Campaigners receive longest ever sentences for non-violent protest after being convicted of conspiracy to cause public nuisance.
Five supporters of the Just Stop Oil climate campaign who conspired to cause gridlock on London’s orbital motorway have been sentenced to lengthy jail terms.
Roger Hallam, Daniel Shaw, Louise Lancaster, Lucia Whittaker De Abreu and Cressida Gethin were found guilty last week of conspiracy to cause a public nuisance for coordinating direct action protests on the M25 over four days in November 2022.
Hallam received a five year sentence on Thursday, while the other four were each sentenced to four years.
The sentences are thought to be the longest sentences even given in the UK for non-violent protest, beating those given to Just Stop Oil protesters Morgan Trowland (three years) and Marcus Decker (two years and seven months) for scaling the Dartford Crossing.
All five had spoken on a Zoom call trying to recruit potential volunteers for the actions, which involved activists climbing motorway gantries at strategic points on the motorway, which encircles London and is a key road transport link.
On the call, Hallam said they intended to cause “the biggest disruption in British modern history” in an effort to force the government to meet Just Stop Oil’s core demand: an end to new oil and gas exploration in the North Sea.
Passing sentence on each of the defendants at Southwark crown court, judge Christopher Hehir said: “The offending of all five of you is very serious indeed and lengthy custodial sentences must follow.
“I acknowledge that at least some of the concerns are shared by many, but the plain fact is that each of you has some time ago crossed the line from concerned campaigner to fanatic.”

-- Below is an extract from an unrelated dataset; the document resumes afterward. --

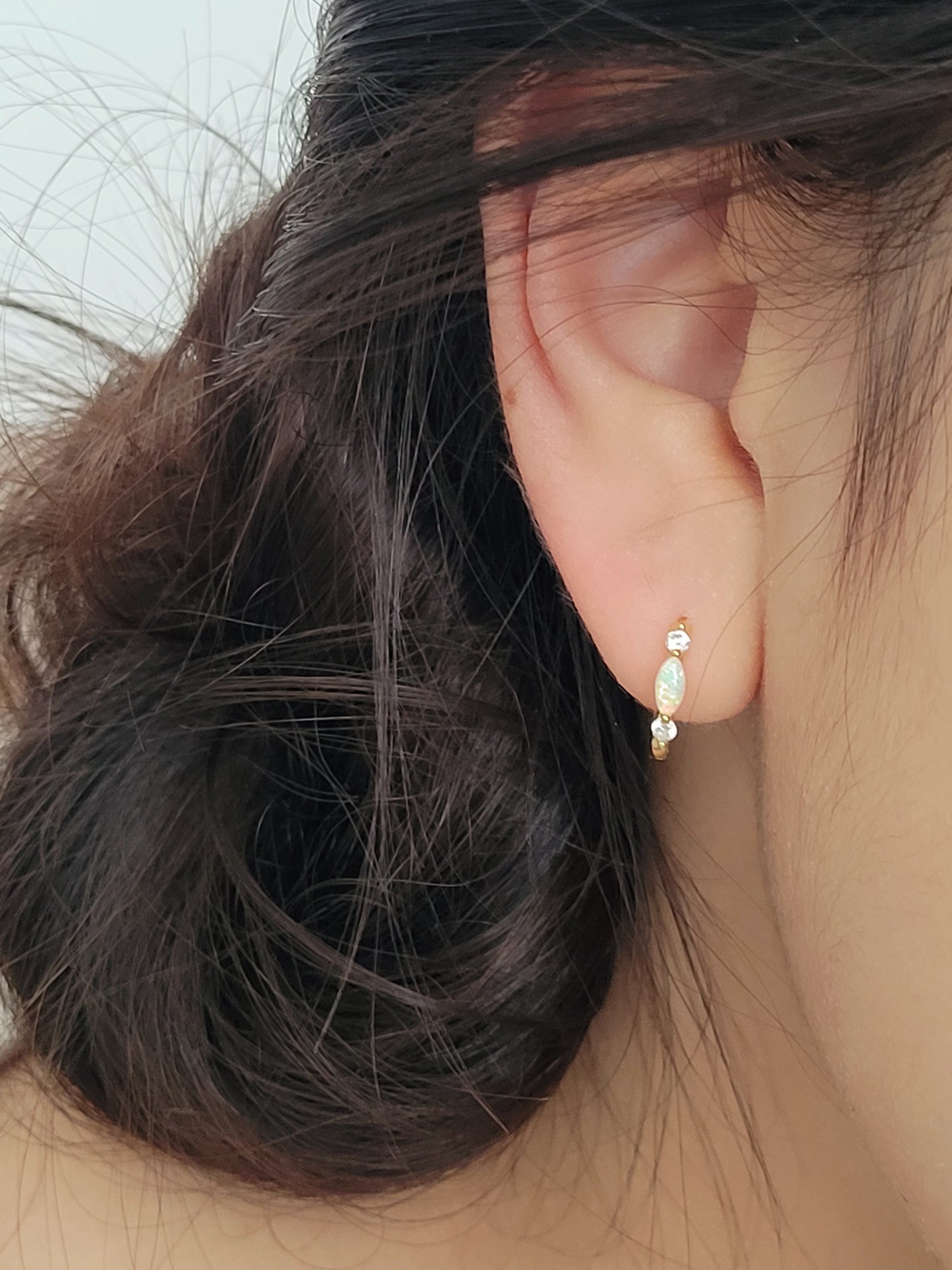 Close up of 18k gold plated sterling silver marquise opal huggie earrings, featuring a luminous opal accented with sparkling cubic zirconia.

Supporters of the defendants expressed outrage at the sentences, which came after a two-week trial in which Judge Hehir denied them any of the defences in law for causing a public nuisance.

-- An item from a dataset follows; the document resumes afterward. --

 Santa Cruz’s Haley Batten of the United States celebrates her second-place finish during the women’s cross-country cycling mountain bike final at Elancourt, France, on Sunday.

Hehir ruled that the jury should not take into account evidence about climate breakdown, which the defendants wanted to point to as the key motivation behind their actions, and which they said provided them with a reasonable excuse for them.

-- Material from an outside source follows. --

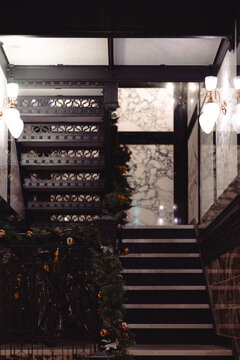A stylish staircase featuring beautiful marble finishes and elegant lighting, showcasing architectural sophistication and creating a luxurious ambiance.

Remanding the defendants to prison last week after their guilty verdicts, Hehir told them: “You are going to prison for a very long time.”
Michel Forst, the UN’s special rapporteur on environmental defenders, who had attended part of the trial, had criticised the severity of protest laws recently introduced under the former Conservative government.
“The UK is a nightmare for climate activists from this point of view,” he told the Guardian. “Facing several years of imprisonment for taking part in a Zoom call – this is something I have not seen anywhere else and it is shockingly disproportionate.”
The naturalist Chris Packham called on supporters of the defendants to gather near the court at 4pm on Thursday. Pointing to the prisons overcrowding crisis that has led the incoming Labour government to order the early release of thousands of prisoners, he said: “Why would we possibly want to be locking up five peaceful climate protesters?
“They have just been through the sham of a court case where they were not allowed to say why they were protesting, and this has aggrieved the UN. They have criticised the UK government and said that basically it’s transgressing the UK’s obligations when it comes to upholding human rights.”